* [Requirement]
Return the run of lines below that opens with the line containing "LED Christmas Window" and closes with the line containing "100W PD USB", keeping each one exact.

* [Source records]
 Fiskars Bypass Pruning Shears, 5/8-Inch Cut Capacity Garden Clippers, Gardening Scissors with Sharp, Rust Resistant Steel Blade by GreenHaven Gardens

==

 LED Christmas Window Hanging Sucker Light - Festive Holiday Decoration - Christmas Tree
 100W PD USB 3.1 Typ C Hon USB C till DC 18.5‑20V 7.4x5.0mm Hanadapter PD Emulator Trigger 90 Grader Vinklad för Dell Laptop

* [Exercise output]
 LED Christmas Window Hanging Sucker Light - Festive Holiday Decoration - Christmas Tree
 100W PD USB 3.1 Typ C Hon USB C till DC 18.5‑20V 7.4x5.0mm Hanadapter PD Emulator Trigger 90 Grader Vinklad för Dell Laptop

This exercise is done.